» **Work required**
Give every entry again, exactly.

-------- Given entries

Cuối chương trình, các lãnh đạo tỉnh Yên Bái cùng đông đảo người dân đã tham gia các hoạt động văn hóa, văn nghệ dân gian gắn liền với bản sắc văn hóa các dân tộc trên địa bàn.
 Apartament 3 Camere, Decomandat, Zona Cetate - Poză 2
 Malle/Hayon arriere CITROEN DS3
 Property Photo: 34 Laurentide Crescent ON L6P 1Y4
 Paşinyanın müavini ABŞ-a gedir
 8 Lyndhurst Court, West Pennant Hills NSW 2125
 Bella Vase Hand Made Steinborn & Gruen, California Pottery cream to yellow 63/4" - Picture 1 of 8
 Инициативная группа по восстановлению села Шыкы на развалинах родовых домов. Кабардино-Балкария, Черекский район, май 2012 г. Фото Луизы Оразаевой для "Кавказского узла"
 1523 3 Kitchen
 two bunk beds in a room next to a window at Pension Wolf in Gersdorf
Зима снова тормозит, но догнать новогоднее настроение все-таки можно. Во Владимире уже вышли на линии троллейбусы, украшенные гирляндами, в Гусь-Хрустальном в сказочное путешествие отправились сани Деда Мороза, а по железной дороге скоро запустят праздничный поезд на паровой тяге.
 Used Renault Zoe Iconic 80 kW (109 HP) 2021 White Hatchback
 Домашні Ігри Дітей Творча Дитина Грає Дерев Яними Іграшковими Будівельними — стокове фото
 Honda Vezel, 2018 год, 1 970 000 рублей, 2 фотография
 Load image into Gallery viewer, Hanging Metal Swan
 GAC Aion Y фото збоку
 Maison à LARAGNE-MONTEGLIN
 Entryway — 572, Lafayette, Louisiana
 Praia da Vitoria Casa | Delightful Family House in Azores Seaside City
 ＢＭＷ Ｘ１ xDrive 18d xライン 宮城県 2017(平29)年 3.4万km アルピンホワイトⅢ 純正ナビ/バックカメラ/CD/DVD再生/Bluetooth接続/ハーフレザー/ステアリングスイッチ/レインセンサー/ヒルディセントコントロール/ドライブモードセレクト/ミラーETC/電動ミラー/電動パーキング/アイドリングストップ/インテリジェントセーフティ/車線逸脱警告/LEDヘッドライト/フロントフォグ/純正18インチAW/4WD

----------------

» **Answer to this task**
Cuối chương trình, các lãnh đạo tỉnh Yên Bái cùng đông đảo người dân đã tham gia các hoạt động văn hóa, văn nghệ dân gian gắn liền với bản sắc văn hóa các dân tộc trên địa bàn.
 Apartament 3 Camere, Decomandat, Zona Cetate - Poză 2
 Malle/Hayon arriere CITROEN DS3
 Property Photo: 34 Laurentide Crescent ON L6P 1Y4
 Paşinyanın müavini ABŞ-a gedir
 8 Lyndhurst Court, West Pennant Hills NSW 2125
 Bella Vase Hand Made Steinborn & Gruen, California Pottery cream to yellow 63/4" - Picture 1 of 8
 Инициативная группа по восстановлению села Шыкы на развалинах родовых домов. Кабардино-Балкария, Черекский район, май 2012 г. Фото Луизы Оразаевой для "Кавказского узла"
 1523 3 Kitchen
 two bunk beds in a room next to a window at Pension Wolf in Gersdorf
Зима снова тормозит, но догнать новогоднее настроение все-таки можно. Во Владимире уже вышли на линии троллейбусы, украшенные гирляндами, в Гусь-Хрустальном в сказочное путешествие отправились сани Деда Мороза, а по железной дороге скоро запустят праздничный поезд на паровой тяге.
 Used Renault Zoe Iconic 80 kW (109 HP) 2021 White Hatchback
 Домашні Ігри Дітей Творча Дитина Грає Дерев Яними Іграшковими Будівельними — стокове фото
 Honda Vezel, 2018 год, 1 970 000 рублей, 2 фотография
 Load image into Gallery viewer, Hanging Metal Swan
 GAC Aion Y фото збоку
 Maison à LARAGNE-MONTEGLIN
 Entryway — 572, Lafayette, Louisiana
 Praia da Vitoria Casa | Delightful Family House in Azores Seaside City
 ＢＭＷ Ｘ１ xDrive 18d xライン 宮城県 2017(平29)年 3.4万km アルピンホワイトⅢ 純正ナビ/バックカメラ/CD/DVD再生/Bluetooth接続/ハーフレザー/ステアリングスイッチ/レインセンサー/ヒルディセントコントロール/ドライブモードセレクト/ミラーETC/電動ミラー/電動パーキング/アイドリングストップ/インテリジェントセーフティ/車線逸脱警告/LEDヘッドライト/フロントフォグ/純正18インチAW/4WD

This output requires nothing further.